What is being asked » Your answer must be the lines from the first record through the line that contains "This well-appointed single-floor", copied exactly and without any pictures.
┄┄┄┄┄┄┄┄┄┄
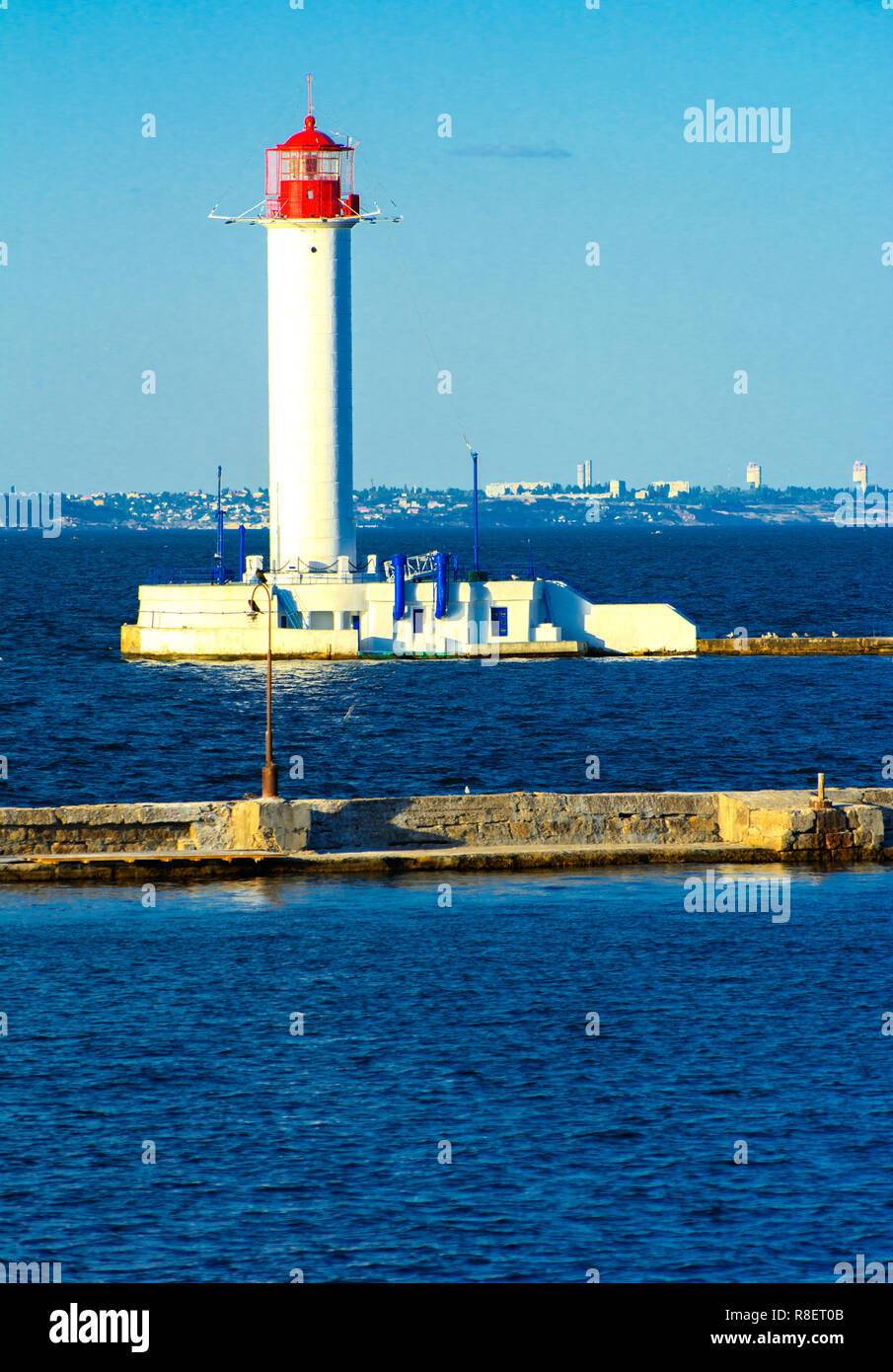 Ein Leuchtturm im Meer am Eingang zum Hafen vor dem Hintergrund eines schönen Abends blauer Himmel in weichen Farben. Sommer Seascape. Weiße Leucht Stockfoto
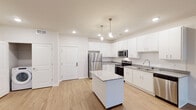 This well-appointed single-floor residence showcases a thoughtfully designed open-concept layout with a clean, contemporary aesthetic throughout. The kitchen serves as a standout centerpiece, featuring crisp white shaker cabinets, light granite countertops, and a full suite of stainless steel appliances including a refrigerator, electric range, microwave, and dishwasher. A central island with matching granite provides additional prep space and casual seating, while elegant pendant lighting adds a refined touch overhead. Light-toned hardwood-style flooring flows seamlessly through the kitchen and living areas, enhancing the sense of openness and continuity. The living area is bright and welcoming, benefiting from natural light through a large window and a glass-panel door that opens to an outdoor space, offering pleasant exterior views. The bedroom is finished with plush wall-to-wall carpeting and features a generously sized window that fills the room with natural light. The bathroom is well-equipped with a dual-sink vanity topped with granite countertops, a large mirror, and a glass-enclosed shower. Neutral wall tones and consistent finishes throughout the space create a cohesive, move-in-ready environment that balances comfort with modern style.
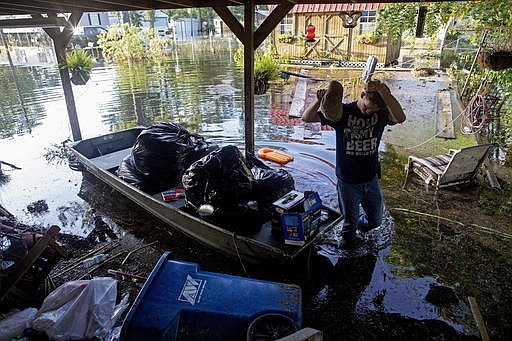 Daniel Stover, 17, wipes his head as he helps Laura Albritton, rescue personal belongings in Sorrento, La., Saturday, Aug. 20, 2016. Louisiana continues to dig itself out from devastating floods, with search parties going door to door looking for survivors or bodies trapped by flooding.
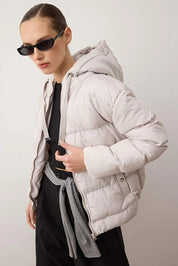 Person wearing a light gray puffer jacket with a plain background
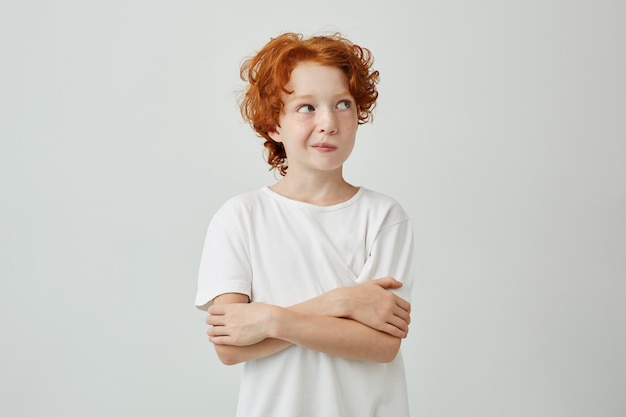 Foto gratuita retrato de niño lindo con pelo de jengibre y pecas en camiseta blanca mirando a otro lado, persiguiendo sus labios, con las manos cruzadas.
┄┄┄┄┄┄┄┄┄┄
Written answer »
 Ein Leuchtturm im Meer am Eingang zum Hafen vor dem Hintergrund eines schönen Abends blauer Himmel in weichen Farben. Sommer Seascape. Weiße Leucht Stockfoto
 This well-appointed single-floor residence showcases a thoughtfully designed open-concept layout with a clean, contemporary aesthetic throughout. The kitchen serves as a standout centerpiece, featuring crisp white shaker cabinets, light granite countertops, and a full suite of stainless steel appliances including a refrigerator, electric range, microwave, and dishwasher. A central island with matching granite provides additional prep space and casual seating, while elegant pendant lighting adds a refined touch overhead. Light-toned hardwood-style flooring flows seamlessly through the kitchen and living areas, enhancing the sense of openness and continuity. The living area is bright and welcoming, benefiting from natural light through a large window and a glass-panel door that opens to an outdoor space, offering pleasant exterior views. The bedroom is finished with plush wall-to-wall carpeting and features a generously sized window that fills the room with natural light. The bathroom is well-equipped with a dual-sink vanity topped with granite countertops, a large mirror, and a glass-enclosed shower. Neutral wall tones and consistent finishes throughout the space create a cohesive, move-in-ready environment that balances comfort with modern style.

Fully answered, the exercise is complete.